COMPARATIVE EXAMPLES 12-14 In order to examine heat resistance and durability, the catalysts of Comparative Examples 3, 4 and 7 were used as the catalysts of Comparative Examples 12 and 14, respectively. The catalyst was heated at 500 ° C. and 800 ° C. for 5 hours in a model gas atmosphere. For these catalysts as well, gasoline vehicle exhaust model gas was introduced in the same manner as in
The NO purification rate at 00 ° C. was measured. Table 3 below shows the measurement results of the comparative examples.

[0058]

[Table 3]

As shown in Table 3, the catalysts of Examples 25 to 28 were compared with those of Comparative Examples 12 to 14 at 400 ° C., 500 ° C. and 60 ° C.
It can be seen that the NO purification rate at 0 ° C. is high, and that it has excellent heat resistance and durability.

[0060]

According to the exhaust gas purifying method of the present invention, even if the concentration of oxygen in the exhaust gas is high, nitrogen oxides can be reduced and removed with high efficiency. The catalyst used has a high catalytic activity even at a low temperature and has a long life.

[Brief description of the drawings]

FIG. 1 is a graph showing the measured life of a catalyst used in Example 3.

──────────────────────────────────────────────────続 き Continuation of the front page (51) Int.Cl. ⁷ Identification symbol FI B01D 53/36 104A (56) References JP-A-3-101836 (JP, A) JP-A-4-4045 (JP, A) JP-A-4-16239 (JP, A) JP-A-4-83516 (JP, A) (58) Fields investigated (Int.
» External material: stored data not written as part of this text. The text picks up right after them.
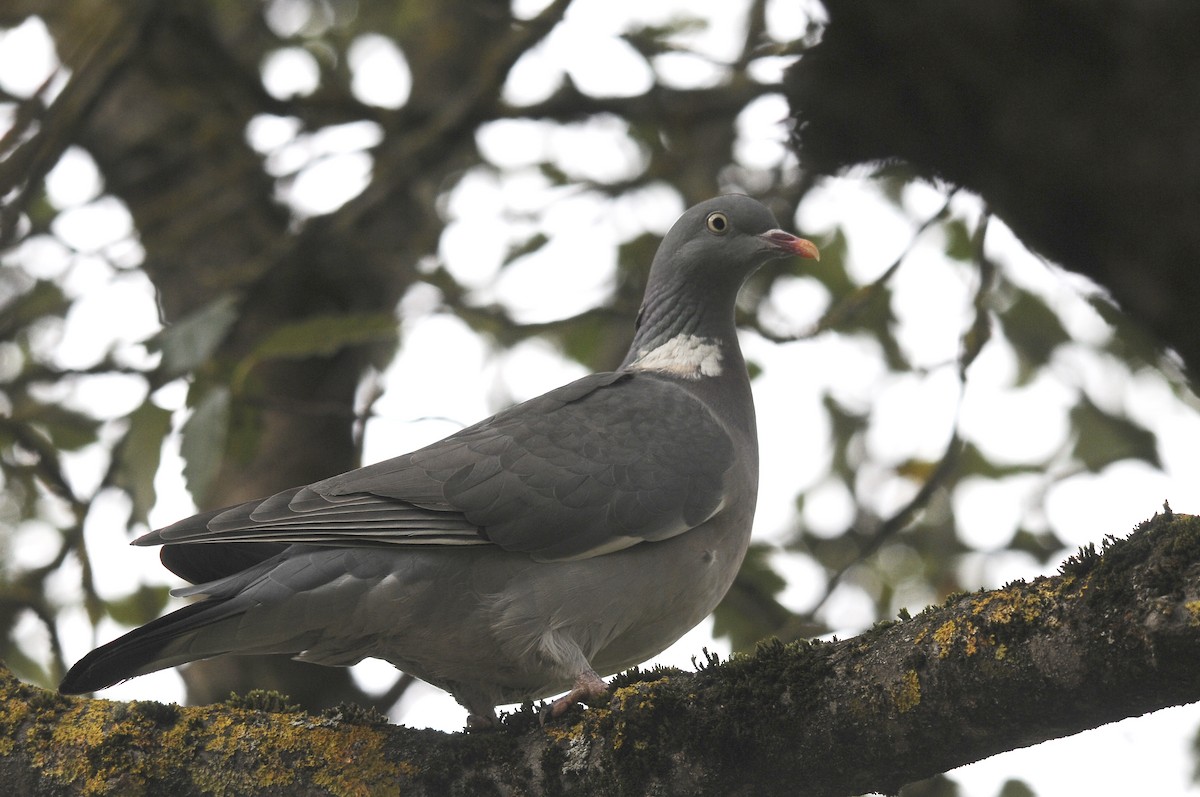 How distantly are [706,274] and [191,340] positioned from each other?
2029 mm

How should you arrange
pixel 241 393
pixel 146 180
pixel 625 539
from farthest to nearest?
pixel 146 180
pixel 241 393
pixel 625 539

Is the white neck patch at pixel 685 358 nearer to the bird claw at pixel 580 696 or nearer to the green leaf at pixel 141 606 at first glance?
the bird claw at pixel 580 696

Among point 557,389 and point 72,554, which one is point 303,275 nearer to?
point 72,554

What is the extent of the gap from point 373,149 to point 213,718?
3.78 meters

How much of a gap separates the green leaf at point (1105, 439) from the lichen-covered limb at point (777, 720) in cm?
354

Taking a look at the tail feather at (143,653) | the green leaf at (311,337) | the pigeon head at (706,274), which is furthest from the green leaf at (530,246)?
the tail feather at (143,653)

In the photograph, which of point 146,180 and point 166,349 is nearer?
point 166,349

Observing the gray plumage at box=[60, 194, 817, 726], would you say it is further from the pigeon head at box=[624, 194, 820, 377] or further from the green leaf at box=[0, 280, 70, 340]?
the green leaf at box=[0, 280, 70, 340]

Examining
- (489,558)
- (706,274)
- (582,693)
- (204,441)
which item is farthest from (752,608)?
(204,441)

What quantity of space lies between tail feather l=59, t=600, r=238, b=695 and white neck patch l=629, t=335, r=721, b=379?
2044mm

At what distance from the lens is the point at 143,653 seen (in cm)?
326

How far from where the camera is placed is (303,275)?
623 cm

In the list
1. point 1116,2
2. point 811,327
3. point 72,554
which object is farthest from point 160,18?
point 1116,2

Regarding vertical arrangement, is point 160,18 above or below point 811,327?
above
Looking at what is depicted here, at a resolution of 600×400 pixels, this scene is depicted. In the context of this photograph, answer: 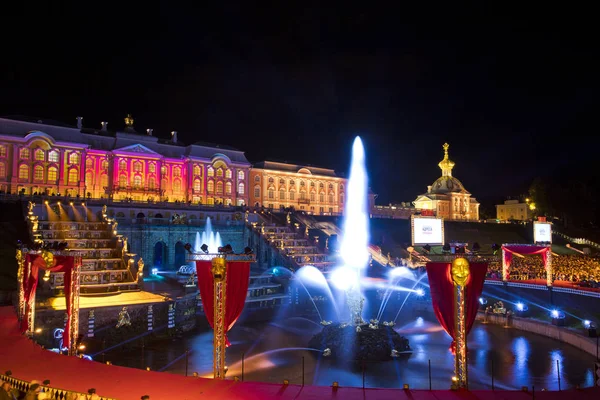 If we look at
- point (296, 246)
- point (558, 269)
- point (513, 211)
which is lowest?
point (558, 269)

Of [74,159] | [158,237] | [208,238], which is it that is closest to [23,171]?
[74,159]

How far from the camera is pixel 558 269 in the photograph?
125ft

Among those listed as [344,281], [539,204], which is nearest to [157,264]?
[344,281]

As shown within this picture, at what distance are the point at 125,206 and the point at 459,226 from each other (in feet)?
155

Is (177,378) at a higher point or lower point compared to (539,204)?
lower

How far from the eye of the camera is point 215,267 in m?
12.4

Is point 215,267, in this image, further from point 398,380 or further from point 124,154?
point 124,154

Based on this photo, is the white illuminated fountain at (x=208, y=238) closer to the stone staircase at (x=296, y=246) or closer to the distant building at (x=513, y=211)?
the stone staircase at (x=296, y=246)

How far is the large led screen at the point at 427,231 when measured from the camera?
40312 millimetres

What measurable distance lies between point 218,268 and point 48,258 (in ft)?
24.5

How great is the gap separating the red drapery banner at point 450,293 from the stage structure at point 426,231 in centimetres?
2815

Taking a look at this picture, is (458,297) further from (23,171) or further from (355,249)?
(23,171)

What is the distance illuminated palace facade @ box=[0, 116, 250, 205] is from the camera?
49500 millimetres

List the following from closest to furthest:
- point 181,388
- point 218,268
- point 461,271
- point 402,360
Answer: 1. point 181,388
2. point 461,271
3. point 218,268
4. point 402,360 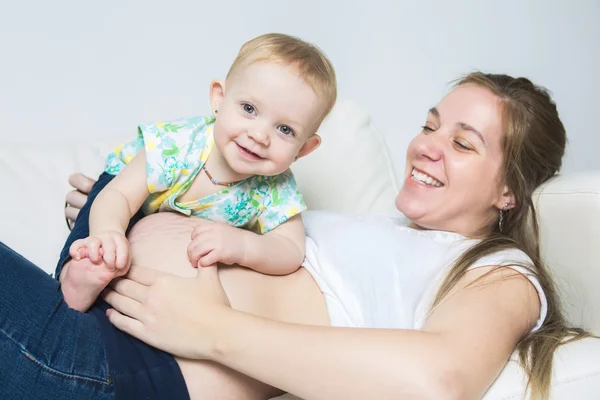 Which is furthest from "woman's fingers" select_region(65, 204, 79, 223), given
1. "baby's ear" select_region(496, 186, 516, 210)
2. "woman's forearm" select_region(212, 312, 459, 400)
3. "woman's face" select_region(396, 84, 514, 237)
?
"baby's ear" select_region(496, 186, 516, 210)

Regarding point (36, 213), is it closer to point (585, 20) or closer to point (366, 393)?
point (366, 393)

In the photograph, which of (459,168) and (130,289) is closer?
(130,289)

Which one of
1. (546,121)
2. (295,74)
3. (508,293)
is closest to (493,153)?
(546,121)

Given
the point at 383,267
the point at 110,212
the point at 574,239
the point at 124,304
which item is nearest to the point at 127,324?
the point at 124,304

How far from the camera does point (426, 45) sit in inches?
113

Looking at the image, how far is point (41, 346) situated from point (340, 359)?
0.52 m

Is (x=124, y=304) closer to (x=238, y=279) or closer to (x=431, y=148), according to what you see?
(x=238, y=279)

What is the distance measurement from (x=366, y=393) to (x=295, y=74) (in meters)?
0.67

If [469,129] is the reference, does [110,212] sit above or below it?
below

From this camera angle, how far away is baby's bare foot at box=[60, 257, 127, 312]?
50.6 inches

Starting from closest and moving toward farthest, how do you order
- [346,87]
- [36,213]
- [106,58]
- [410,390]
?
[410,390]
[36,213]
[106,58]
[346,87]

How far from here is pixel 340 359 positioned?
1160 millimetres

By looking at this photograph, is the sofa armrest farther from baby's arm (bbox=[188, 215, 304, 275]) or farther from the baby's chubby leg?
the baby's chubby leg

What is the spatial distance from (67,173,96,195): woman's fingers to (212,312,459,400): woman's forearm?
76 cm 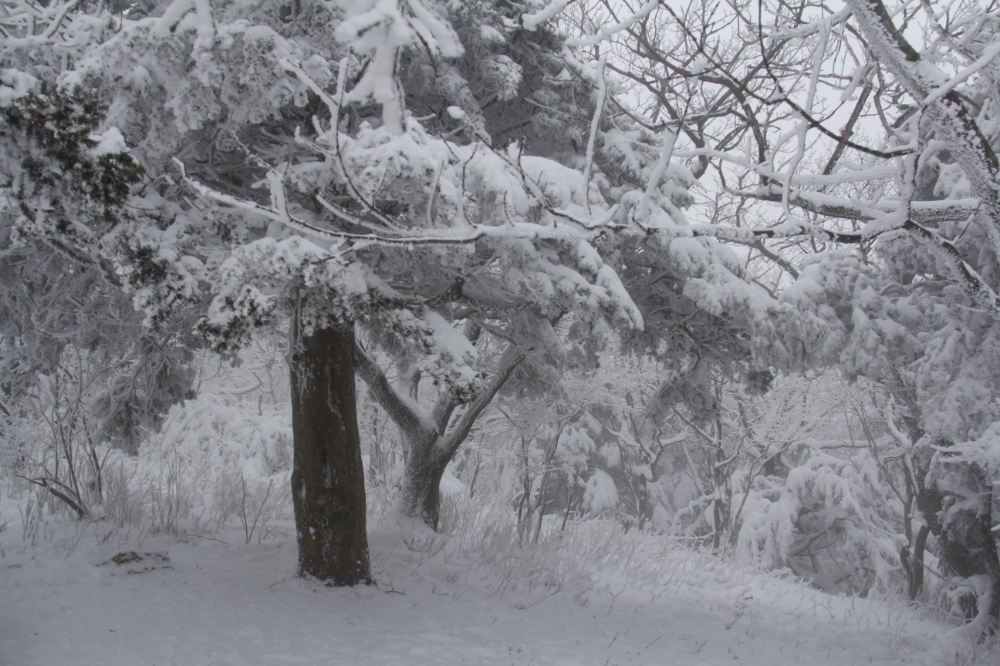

Cl. ⁷ , DB name) B01J 21/00-38/74 B01D 53/86 B01D 53/94

Claims (3)

(57) [Claims] 1. A catalyst for reducing and removing nitrogen oxides in exhaust gas in an oxidizing atmosphere, comprising only gallium and zeolite.
It is made of an exhaust gas purifying catalyst according to claim. 2. A method for purifying exhaust gas, comprising contacting the exhaust gas with a catalyst comprising only gallium and zeolite in an oxidizing atmosphere in the presence of a hydrocarbon to reduce and remove nitrogen oxides in the exhaust gas. 3. A reaction temperature of 300 to 800 ° C. and TH
Method for purifying an exhaust gas according to claim 2, wherein the reducing removal of nitrogen oxides in the exhaust gas in the presence of hydrocarbons with 1-20 C-concentration / NO _X concentration.